Proseguono intanto i negoziati per una nuova tregua nella Striscia di Gaza, dopo quella durata una settimana, dal 24 novembre al 1 dicembre, che ha permesso di rilasciare 105 ostaggi e 240 detenuti palestinesi, oltre a garantire l’ingresso di una quantità maggiore di aiuti umanitari.

Il leader di Hamas Ismail Haniyeh, che vive a Doha, si trova al Cairo per alcuni colloqui con il mediatore egiziano, mentre Israele ha aperto un canale di comunicazione con il Qatar e gli Stati Uniti, altri due mediatori.

Ma al momento le posizioni rimangono distanti. Hamas chiede la fine dei combattimenti prima di qualunque negoziato sugli ostaggi. Israele è favorevole a una breve tregua, ma esclude di mettere fine all’offensiva prima della distruzione di Hamas.

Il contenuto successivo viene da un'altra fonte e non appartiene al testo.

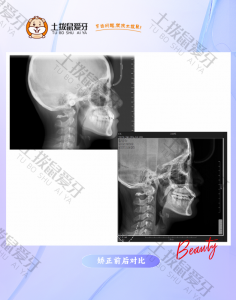 上牙弓狭窄，上下牙列重度拥挤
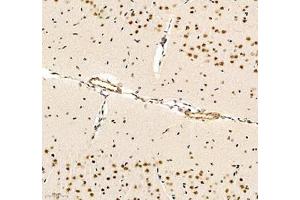 Immunohistochemistry (Paraffin-embedded Sections) (IHC (p)) image for anti-Notch 3 (NOTCH3) antibody (ABIN7074862)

Il 22 dicembre il Consiglio di sicurezza delle Nazioni Unite dovrebbe approvare, dopo quattro giorni di difficili negoziati, una risoluzione sul conflitto tra Israele e Hamas. Il nuovo testo avrebbe ricevuto il via libera di Washington dopo la rinuncia dei proponenti a chiedere la fine delle ostilità.